How to Write a Programming Language: Part 2, The Parser

We’ve got our tokens: now we need to knit them together into trees. Andy Balaam continues writing a programming language with the parser.

In this series we are writing a programming language, which may sound advanced, but is actually much easier than you might expect. Last time, we wrote a lexer, which takes in a text characters (source code) and spits out tokens, which are the raw chunks a program is made up of such as numbers, strings and symbols.

This time, we will write the parser, which takes the tokens coming out of the lexer and understands how they fit together, building structured objects corresponding to meaningful parts of our program, such as creating a variable or calling a function.
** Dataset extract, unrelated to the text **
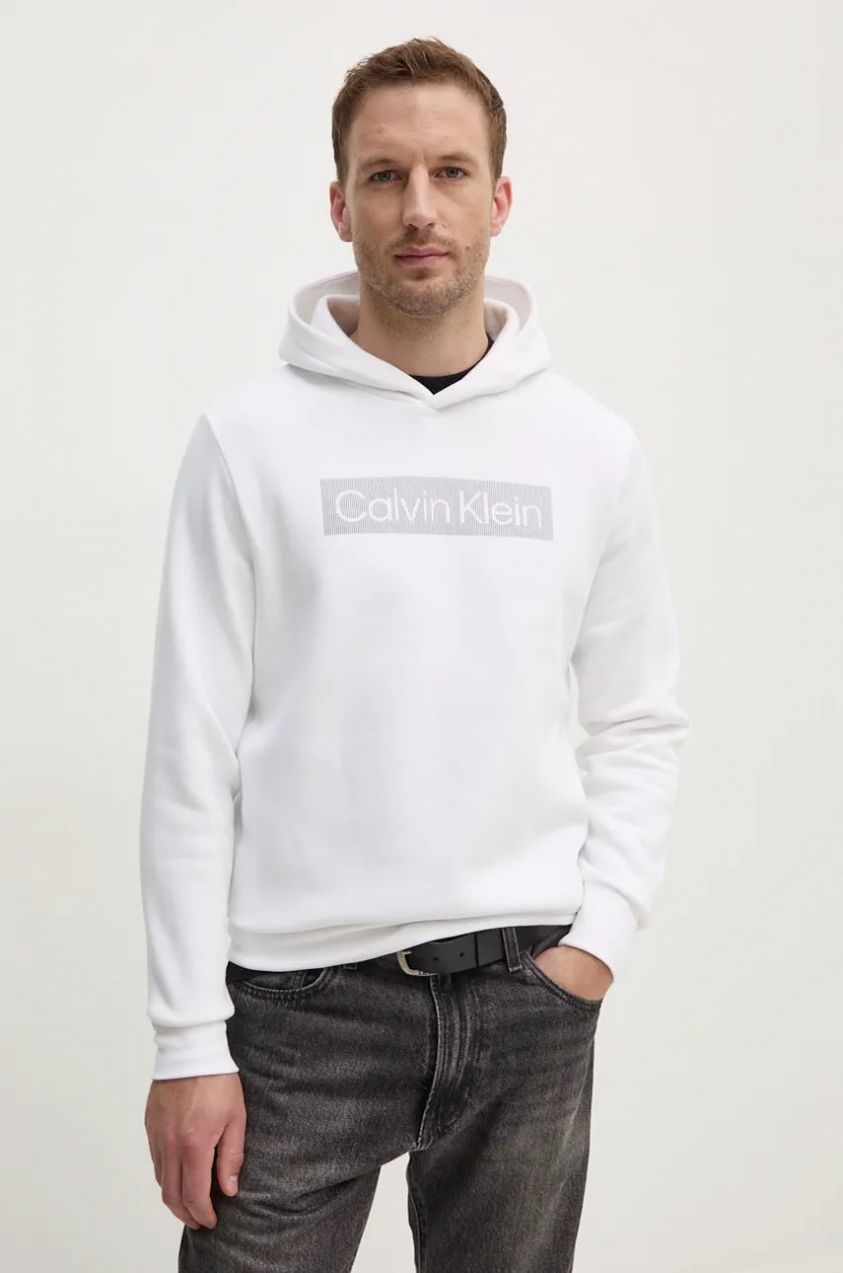 Mikina Calvin Klein pánska, biela farba, s kapucňou, s potlačou, K10K113552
These structured objects are called the syntax tree.

Next time, we’ll work on the evaluator, which takes in the syntax tree and does the things it says, executing the program. By the end of this series, you will have seen all the most fundamental parts of an interpreter, and be ready to build your own!

A bit more about Cell

Last time we saw that the language we are writing, Cell, is designed to be simple to write, rather than being particularly easy to use. It also lacks a lot of the error handling and other important features of a real language, but it does allow us to do the normal things we do when programming: make variables, define functions and perform logic and mathematical operations.

One of the ways Cell is simpler than other languages is that things like if and for that are normally special keywords in other languages are just normal functions in Cell. This program demonstrates this idea for if :

  if(
    is_even( 2 ),
    { print "Even!"; },
    { print "Odd."; }
  );

In Cell, if is a function that takes three arguments: a condition, a function to call if the condition is true, and another to call otherwise (the else part). By passing functions as arguments, we avoid the need for a special keyword to define logical structures like if and for . This makes our parser simple, and it also means Cell programmers can write their own functions similar to the if function, and have them be first-class citizens, on a par to built-ins like if and for .

Because of the simplicity this allows, Cell’s parser only needs to recognise a few simple structures.

Cell’s parser

Cell has four expression types:

Assignment: x = 3
Operations: 4 + y
Function calls: sqrt( -1 )
Function definitions: {:(x, y) x + y;}

The parser’s job is to recognise from the tokens it sees which of these expression types it is seeing, and build up a tree structure of the expressions. For example, this code snippet:

  x = 3 + 4;

should be parsed to a tree structure something like this:

  Assignment:
    Symbol: x
    Value:
      Operation:
        Type: +
        Arguments:
          3
          4

In Cell, you can tell what kind of expression you are looking at from the first two tokens. So in the example above, if we look at the first token (" x " we can’t tell whether this is going to be an operation like x + 2 , or an assignment. Once we have the second token ( = ) we know we are dealing with an assignment.

Once the parser has recognised we are dealing with an assignment, it can treat everything on the right-hand side of the = as a new expression. This new expression will be parsed and nested inside the tree structure of the first one. That is how Operation ends up inside the Assignment section above.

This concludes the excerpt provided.